::: COLLECTED MATERIAL :::

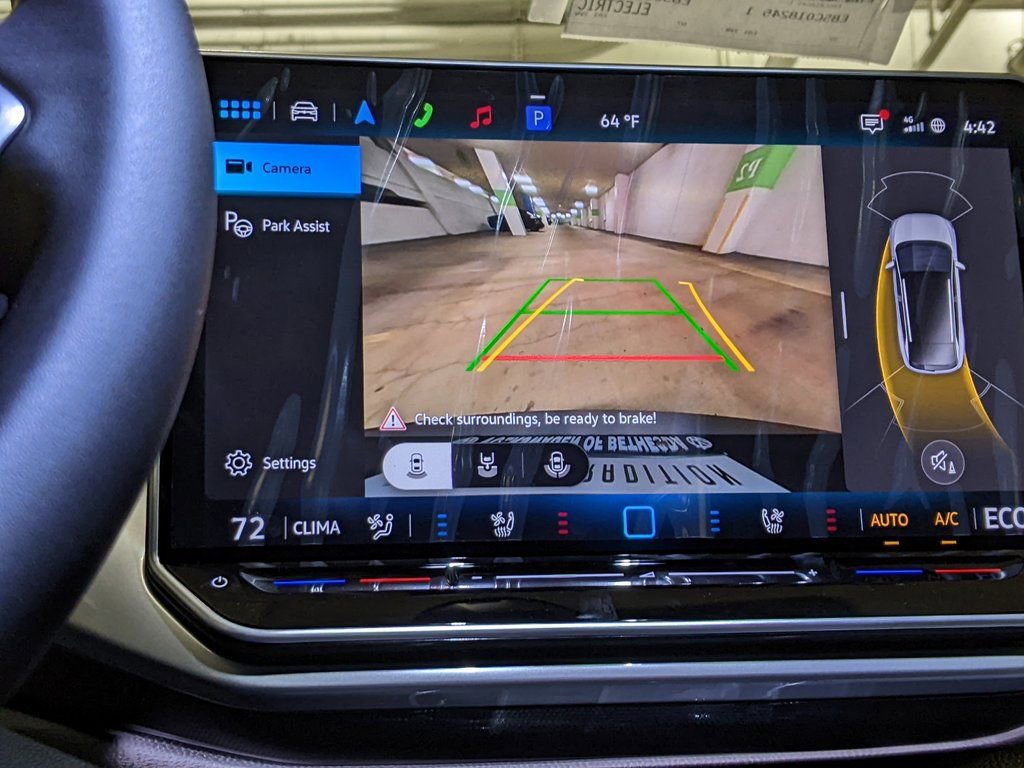 New 2025 Volkswagen ID.4 Pro S image 18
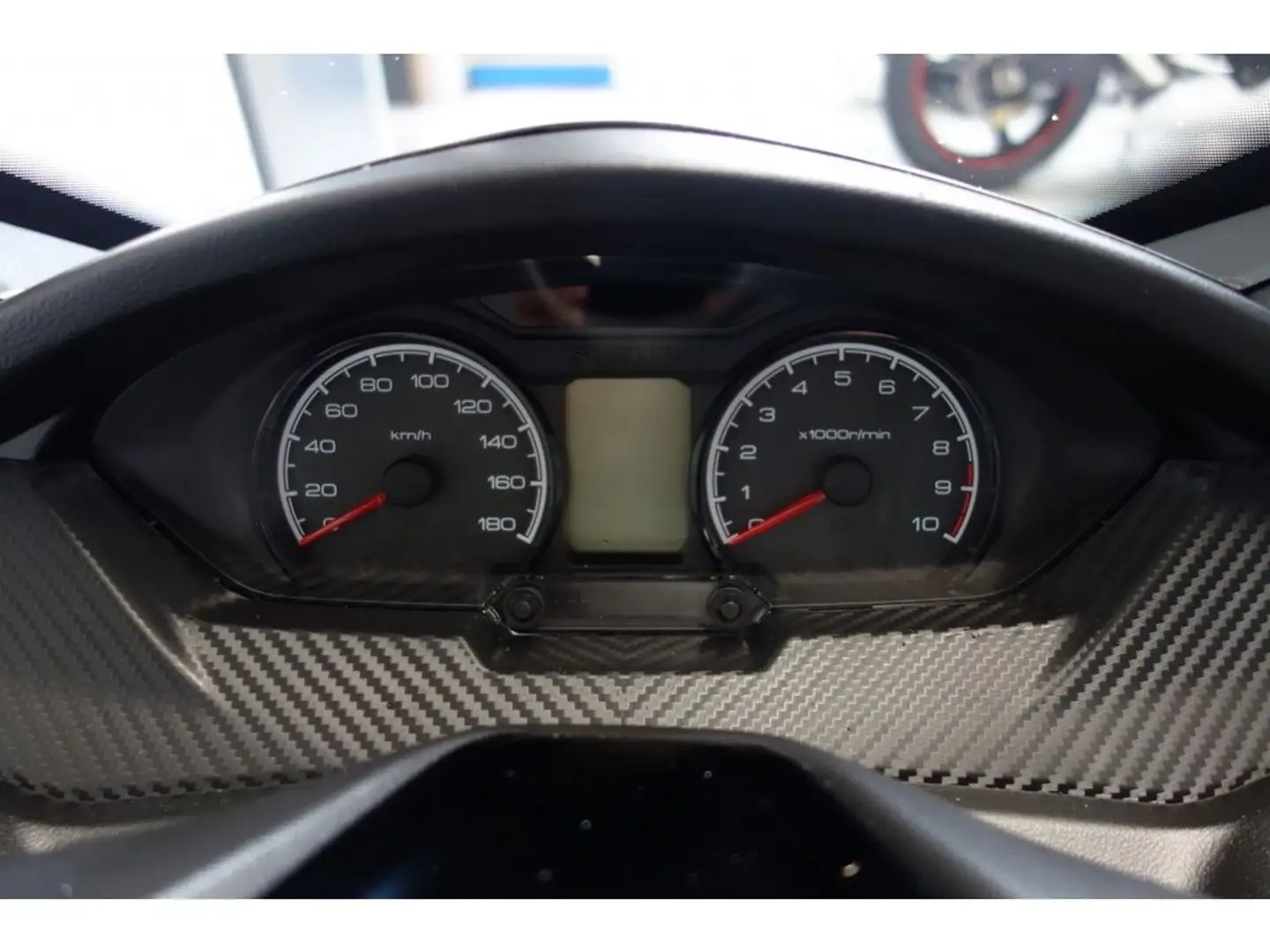 Suzuki Burgman 400 Negro - 2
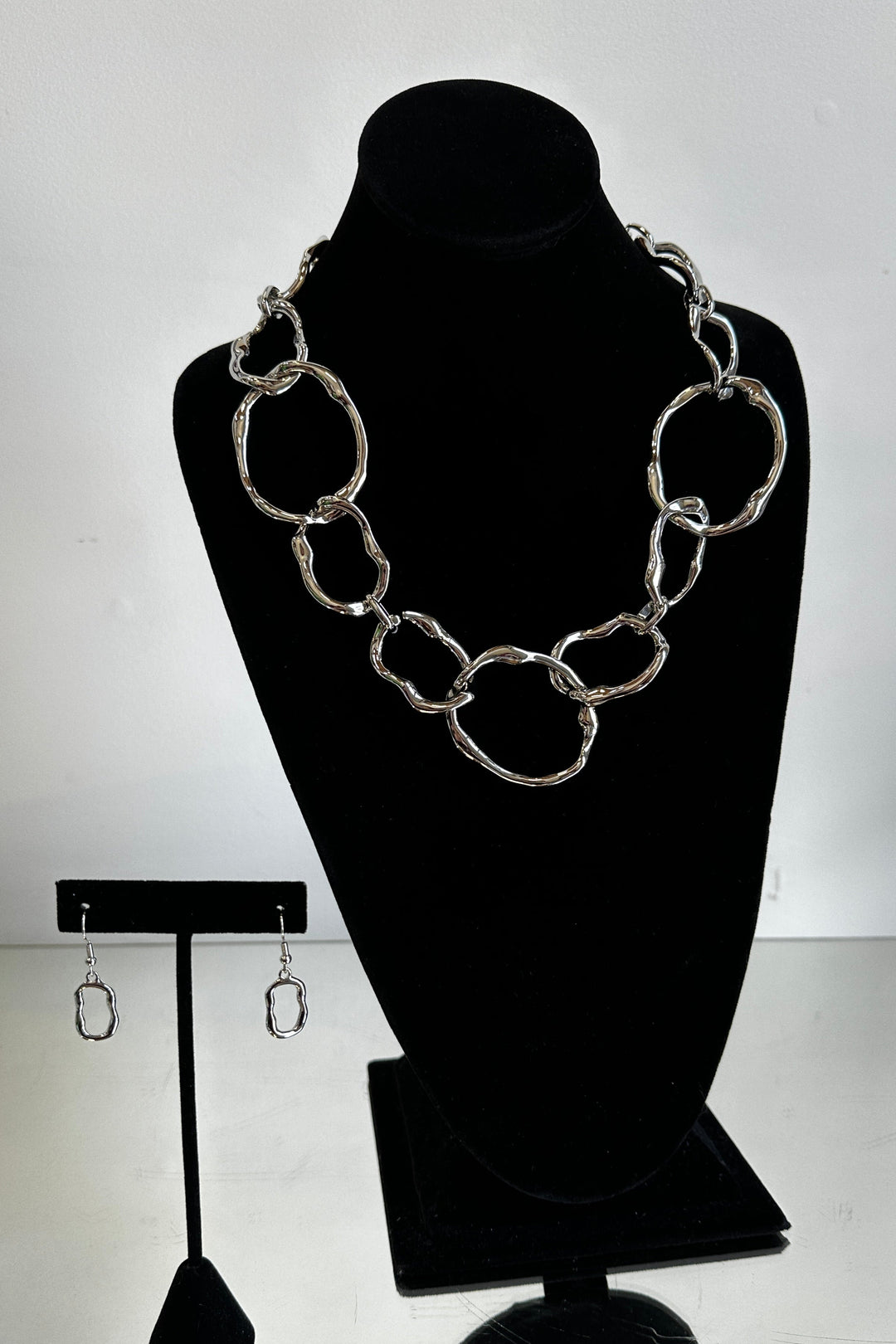 Silver Ripples Necklace Set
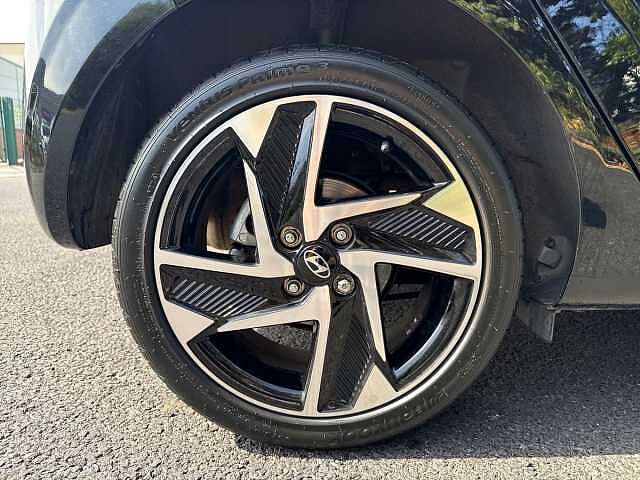 Hyundai i10 1.2 [79] Premium 5dr Auto [Nav]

:::

Write the material out again word for word and omit any images.

 New 2025 Volkswagen ID.4 Pro S image 18
 Suzuki Burgman 400 Negro - 2
 Silver Ripples Necklace Set
 Hyundai i10 1.2 [79] Premium 5dr Auto [Nav]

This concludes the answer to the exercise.